MADISON, Wis.—While credit unions are enjoying record auto loan growth, there are warning signs in the data that suggest tougher times could be ahead—if CUs don’t take the proper steps.

Susan Hochsprung

Susan Hochsprung, VP of sales at CUNA Mutual Group, told attendees at the company’s Discovery Conference that the record growth CUs are enjoying is masking a decline in the percentage of PFI members taking car loans from credit unions.

As credit union auto loans in dollars and numbers are growing, and they are claiming a record share of the market, growing share at a pace much faster than the banks, much of that is due to the indirect channel, she noted.

“The percentage of PFI members with an auto loan is actually shrinking,” said Hochsprung, noting that the percentage of PFI members with an auto loan at credit unions dropped by three percentage points in the last two years. “Credit unions are making more loans to non-PFI members.”

‘Complex Story’

Hochsprung called it a complex story hidden in the data and masked by CUs’ 14.8% annual auto loan growth rate—almost double the growth rate of banks. But, again, she pointed out most of that growth is via indirect, and when comparing bank and CU direct loan numbers there is not a big gap.

She added that credit union direct loan growth is plateauing, and is projected to decline in the coming years. “Our research projects that by 2021, 61% of all credit union auto lending will come from the indirect channel,” she said.

Hochsprung said the real concern is that credit unions are losing share of wallet with their most important, loyal members. She said this is also concerning as new car sales slow, and a recession is forecast by economists within the next two years.

Hochsprung emphasized that credit unions should pay attention to this issue, as PFI members begin to choose others for their financial services. This is “silent churn” many credit unions do not see, she said.

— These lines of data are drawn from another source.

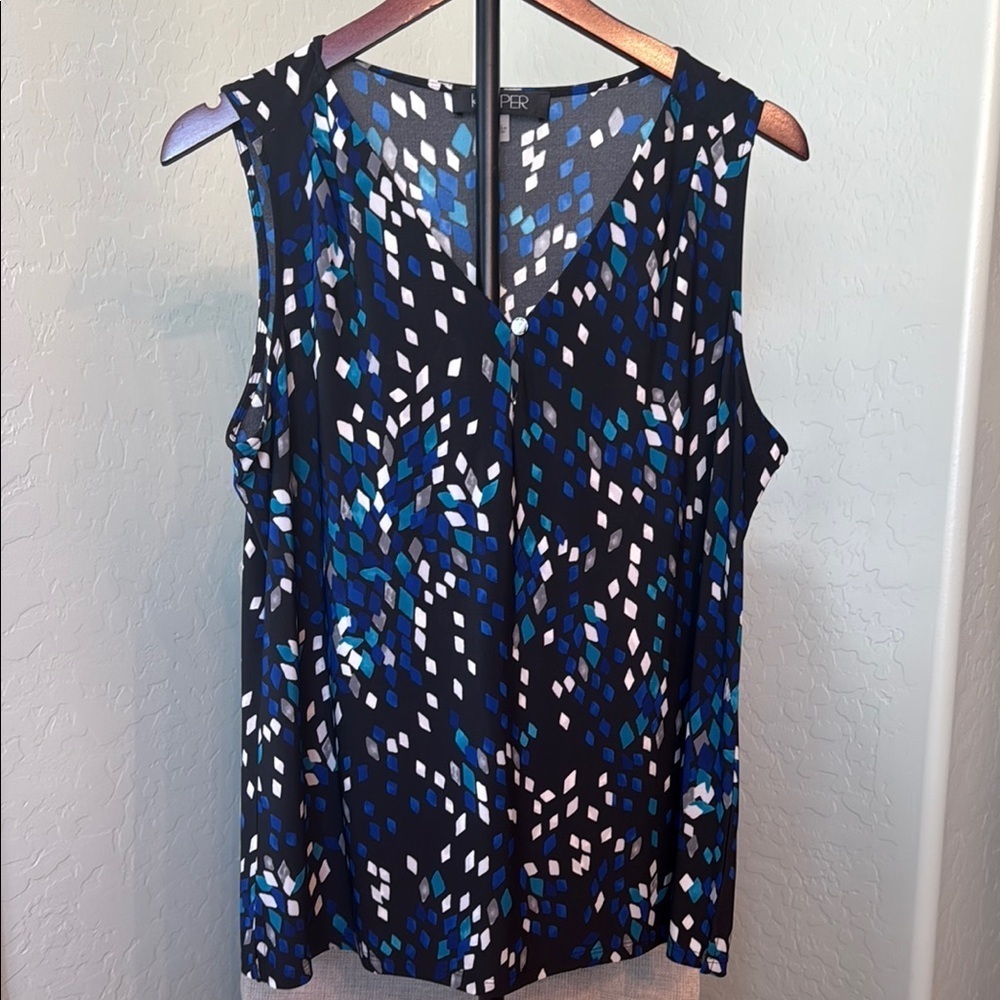 Sleeveless Blue Patterned Top - Picture 1 of 3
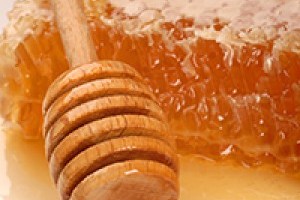 Ultimul trend in materie de frumusete: tratamente de infrumusetare pe baza de miere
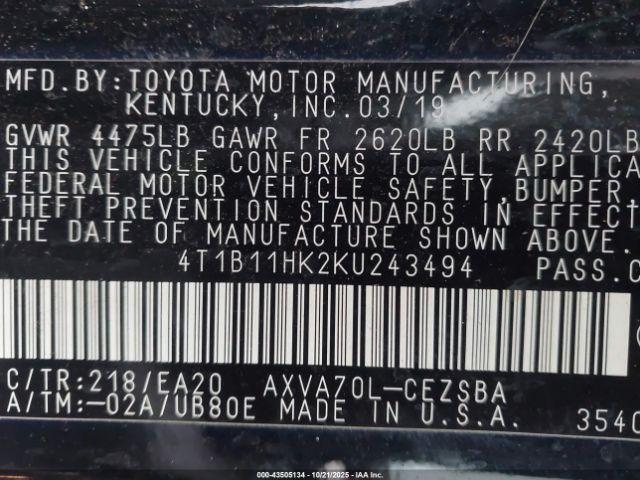 Toyota Camry Se Image 12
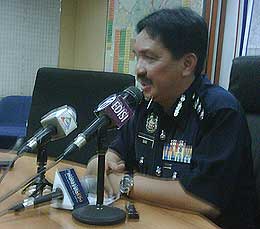 lawyers at brickfields police station 220509 02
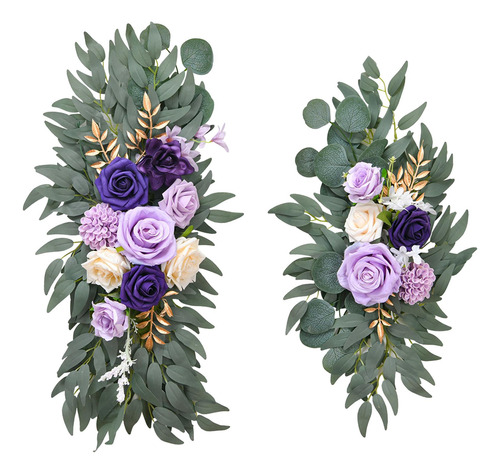 Elegante Arreglo Floral De Arco De Boda Con Follaje Verde -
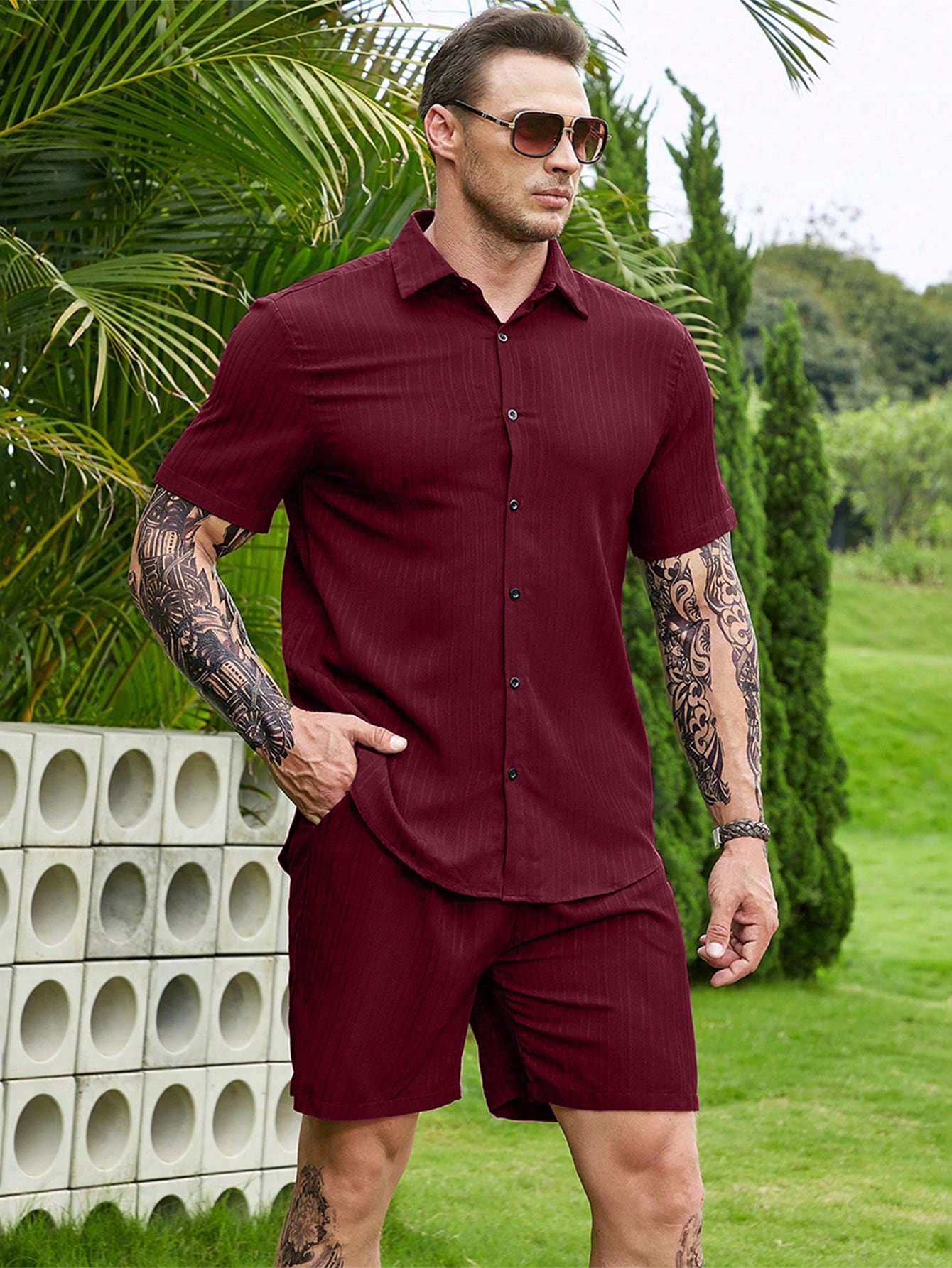 Men's Solid Color Simple Daily Wear Short Sleeve T-Shirt And Shorts Set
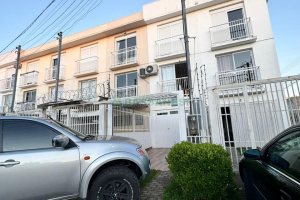 Sobrado com 75m², 2 dormitórios, 1 vaga, no bairro Nossa Senhora do Rosário em Caxias do Sul para Comprar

“Silent churn is when other financial institutions, and fintechs, begin to steal your PFI members’ business. Maybe they still have a checking account with you, but what about the auto loan or credit card?” Hochsprung said.

The major reason CUs are losing PFI auto loans is that banks and other lenders are out-marketing them, said Hochsprung.

“Our research found that if credit union members receive four auto loan offers, three of them are from someone other than the credit union,” she said. “So credit unions are being out-marketed by four to one.”

What CUs need to do is step up their marketing to members, but also employ strong analytics, Hochsprung said. She emphasized that credit unions should dig into their data to identify PFIs and monitor their activity not only to look for signs they may be accepting another auto loan offer, but to choose the right time to approach them with a vehicle loan.

“The offers have to be relevant, at the time members need them,” Hochsprung said, emphasizing the importance of predictive analytics.